:: Exercise ::
Please restate each line of the data that follows word for word, skipping any image.

:: The records ::
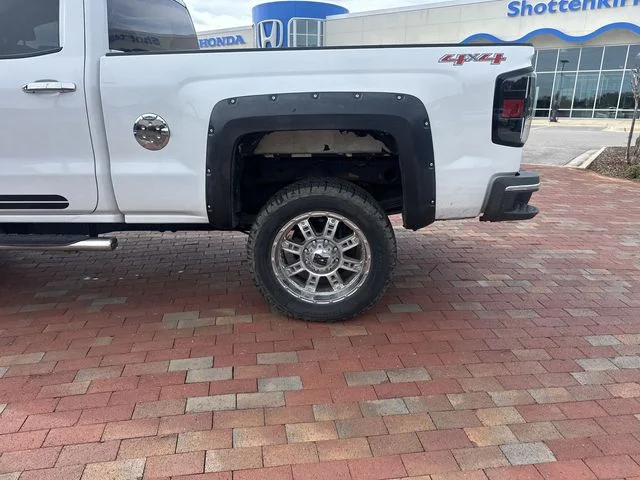 Used 2015 White Chevrolet Work Truck image 6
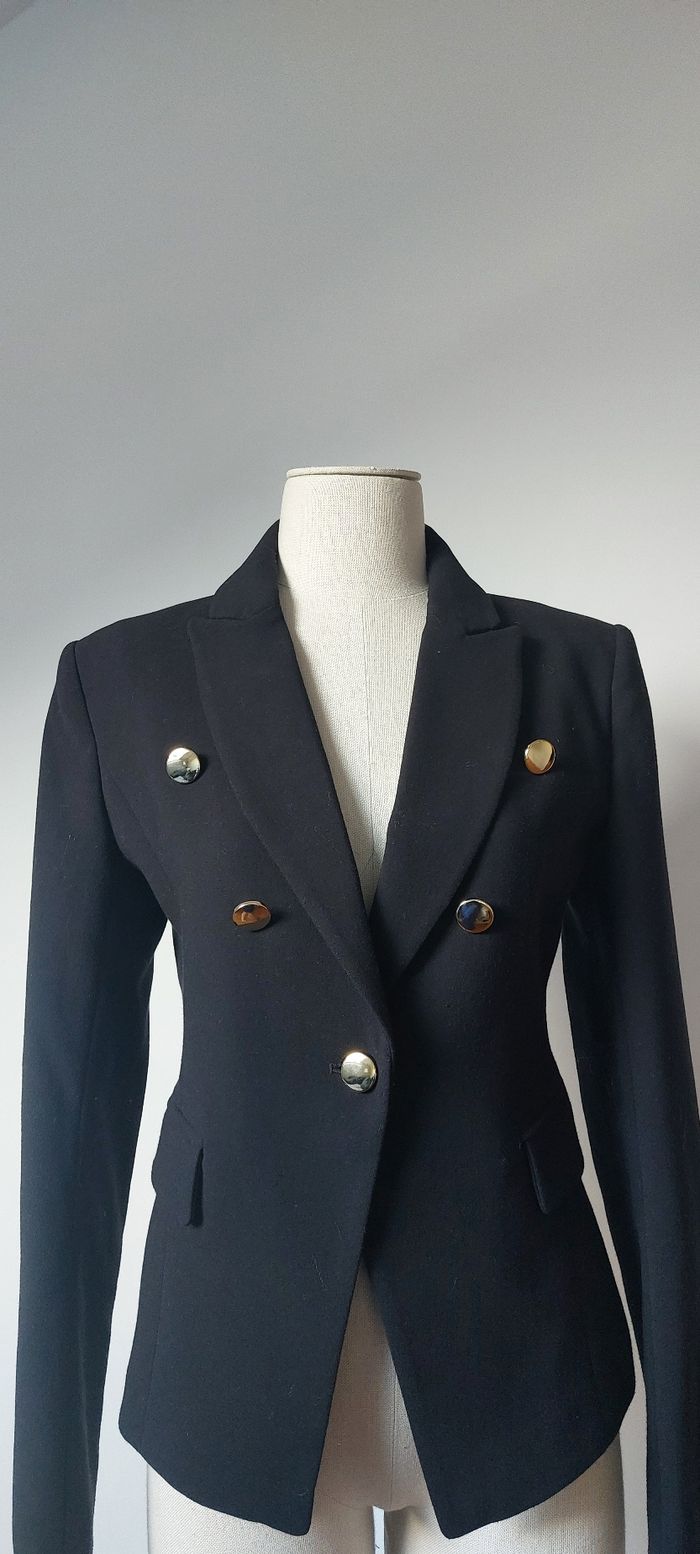 Blazer noir à boutons dorés Coupe cintrée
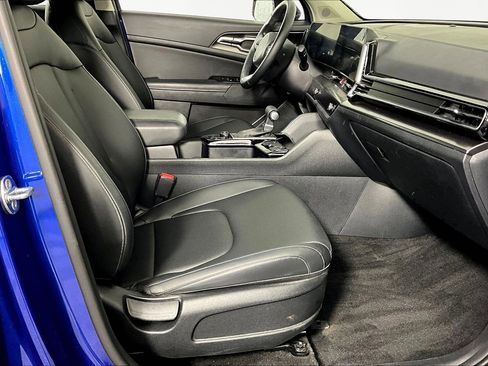 Used 2025 Kia Sportage EX image 26
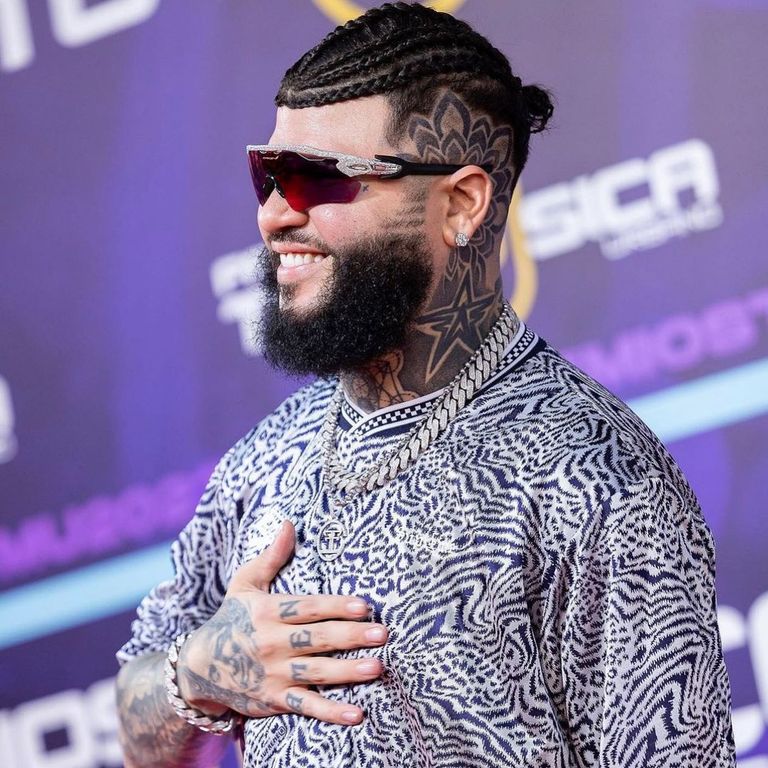 Quién es Farruko, el cantante latino que hizo bailar a Mick Jagger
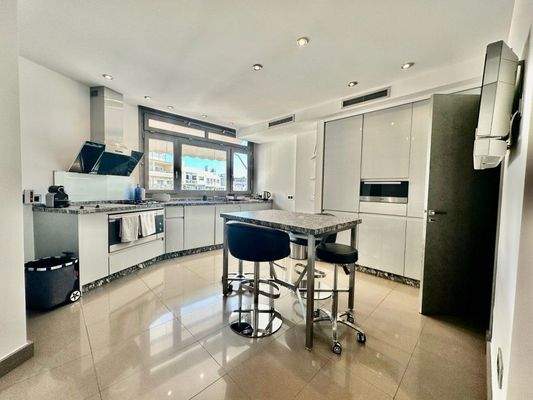 Einzigartige Wohnung mit atemberaubender Aussicht zu verkaufen in Palma, Mallorca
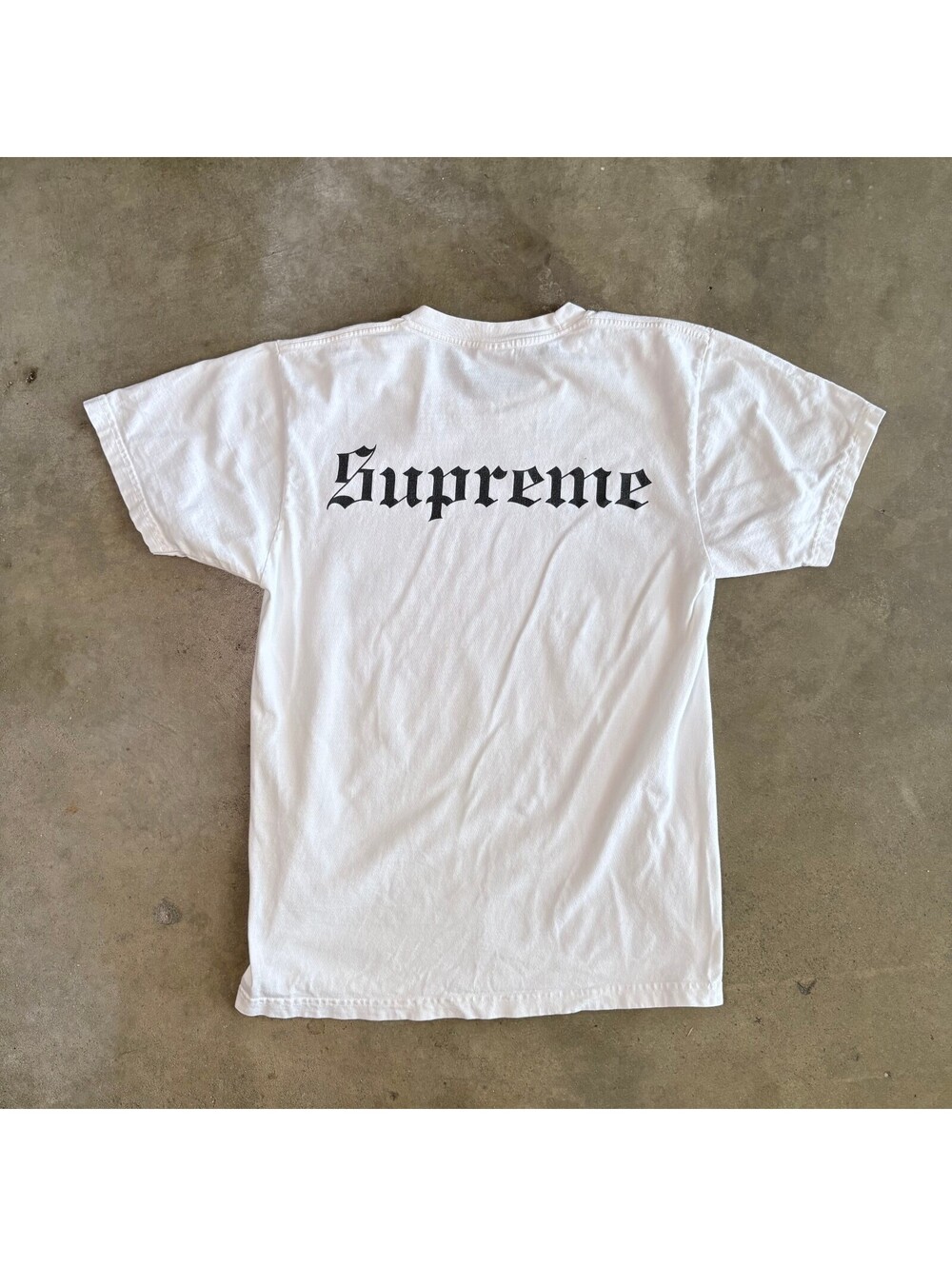 Supreme Men Sz Medium White Gothic Logo T-Shirt Rare Find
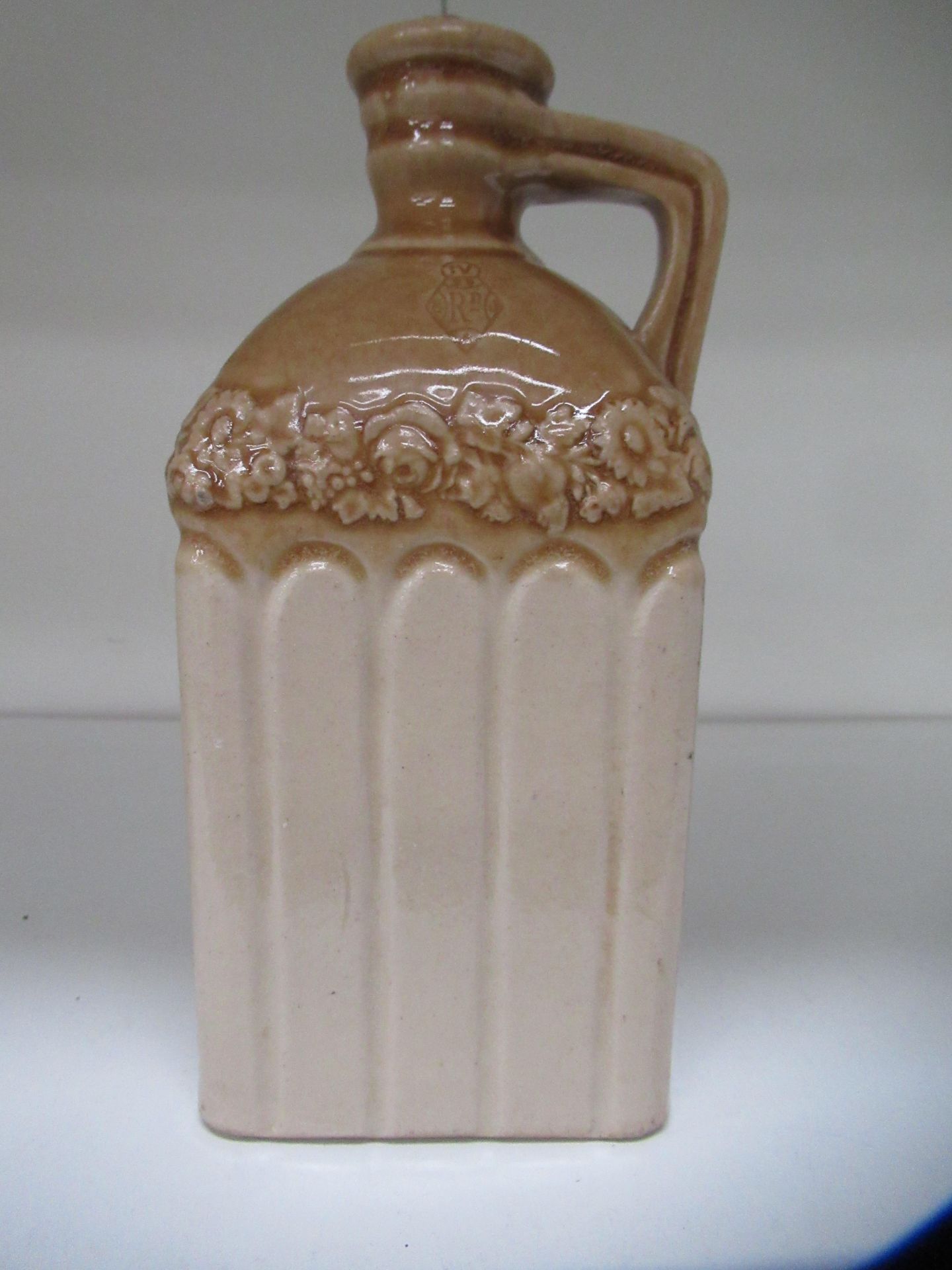 Stone bottle with floral detailing below bottle neck and 'G' stamp on handle - Image 3 of 8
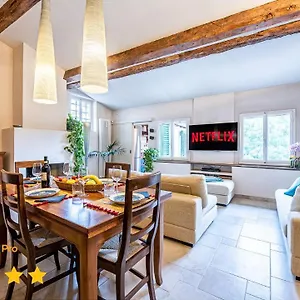 https://spazioso-appartamento-in-s-maria-novella.it-tuscanyhotel.com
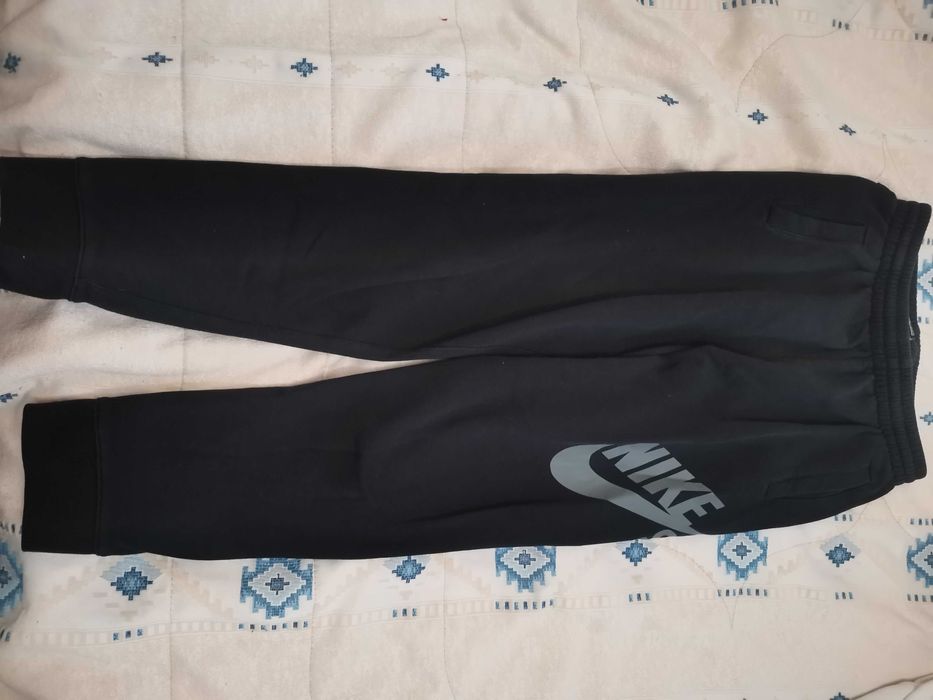 Долнища nike оригинални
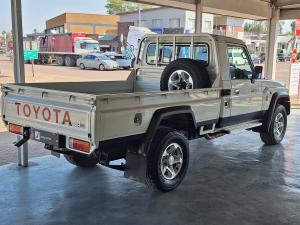 Toyota Land Cruiser 79 4.2D single cab - Image 2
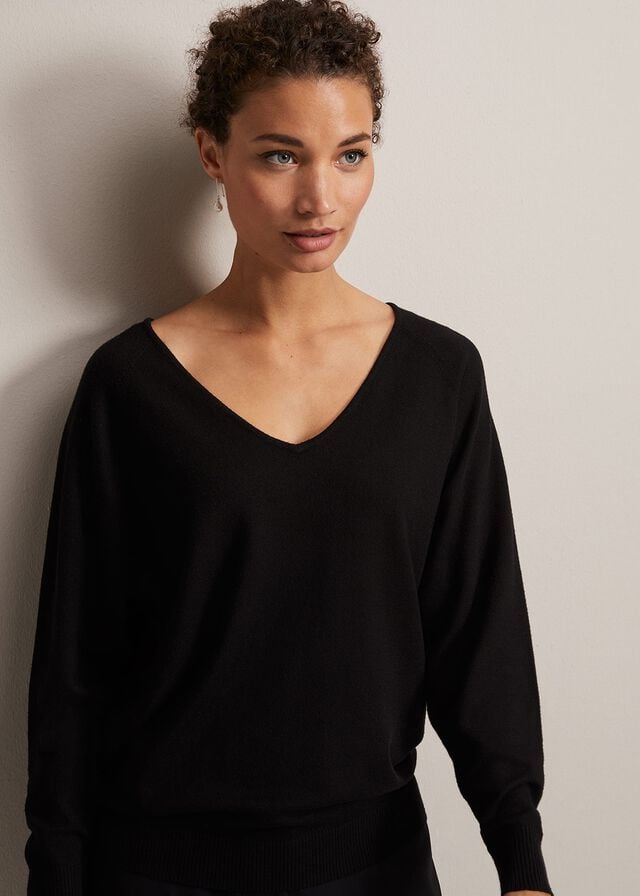 Black Phase Eight Senita Fine V-Neck Knitwear | 1756NUHBL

:: Finished task ::
 Used 2015 White Chevrolet Work Truck image 6
 Blazer noir à boutons dorés Coupe cintrée
 Used 2025 Kia Sportage EX image 26
 Quién es Farruko, el cantante latino que hizo bailar a Mick Jagger
 Einzigartige Wohnung mit atemberaubender Aussicht zu verkaufen in Palma, Mallorca
 Supreme Men Sz Medium White Gothic Logo T-Shirt Rare Find
 Stone bottle with floral detailing below bottle neck and 'G' stamp on handle - Image 3 of 8
 https://spazioso-appartamento-in-s-maria-novella.it-tuscanyhotel.com
 Долнища nike оригинални
 Toyota Land Cruiser 79 4.2D single cab - Image 2
 Black Phase Eight Senita Fine V-Neck Knitwear | 1756NUHBL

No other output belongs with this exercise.